On March 24, the Senate Agriculture, Nutrition, and Forestry Committee approved, by voice vote, the Healthy, Hunger-Free Kids Act (as-yet-unnumbered), a bill to reauthorize the Child Nutrition Program (P.L. 89-642). The Agriculture, Food and Drug Administration, and Rural Development spending bill (P.L. 111-80) extended the current authorization (P.L. 108-265) until September.
According to the committee summaries, the bill would provide $4.5 billion over ten years to end childhood hunger ($1.2 billion), combat childhood obesity ($3.2 billion), and improve program management and integrity ($100 million). Among the provisions to combat childhood obesity is increased support for breastfeeding in the Special Supplemental Nutrition Program for Women, Infants, and Children (WIC). Specifically, the bill would “permanently authorize [a provision in P.L. 111-80 to recognize exemplary breastfeeding practices at the WIC clinic and agency level] within child nutrition law, and expand the collection of WIC program data on breastfeeding rates.”
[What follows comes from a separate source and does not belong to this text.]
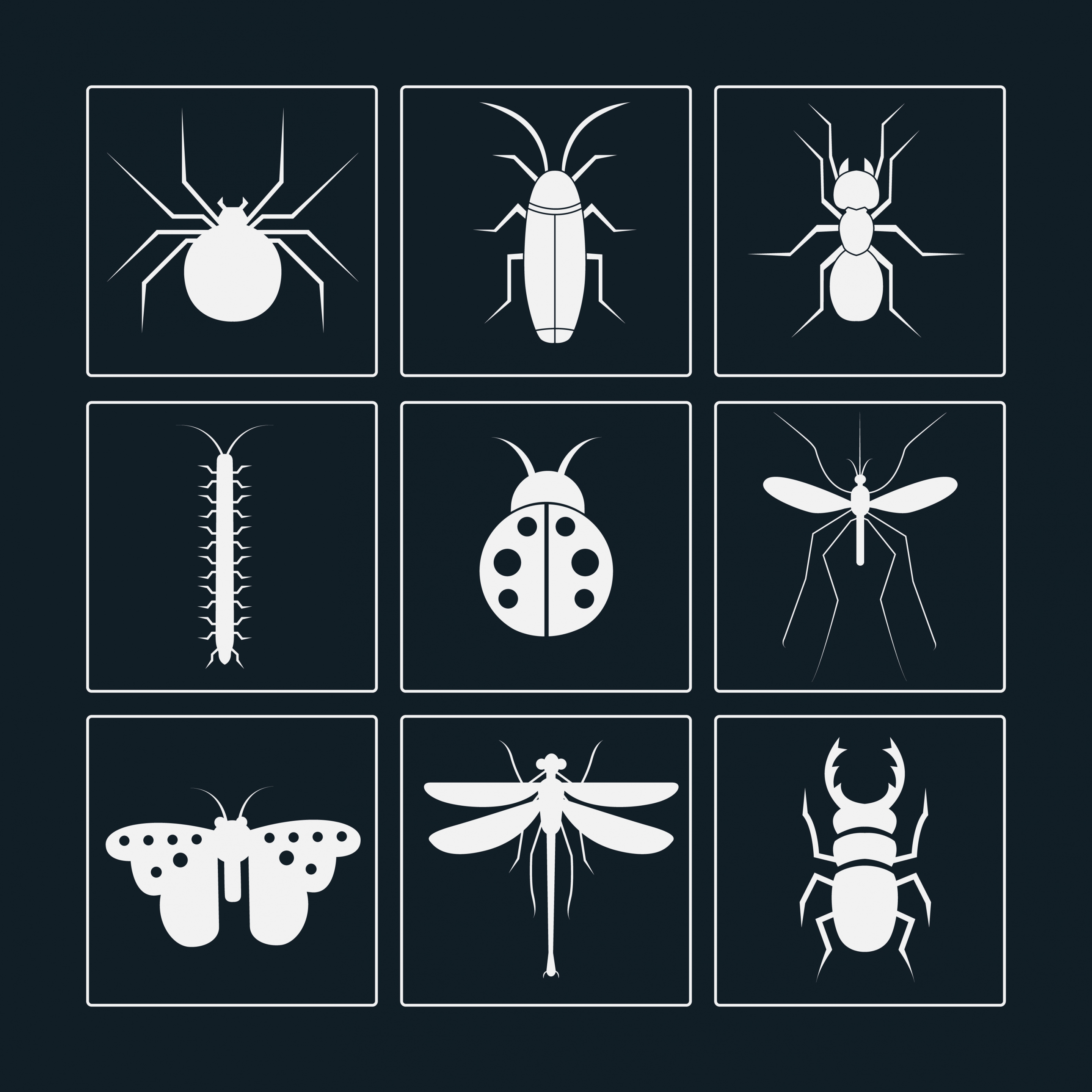 insect icons sets white silhouettes design various types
The bill also would establish nutrition requirements for child care centers and set national nutritional standards for food sold at schools throughout the day, including food sold in vending machines and at fundraisers.
Children whose families already receive Supplemental Nutrition Assistance Program (SNAP, formerly known as the Food Stamp program) benefits would automatically become eligible for free school meals, while schools in high-poverty areas would be able to offer free meals to all students without collecting paper applications, thus “expand[ing] access to more children and reduc[ing] administrative burdens on schools.”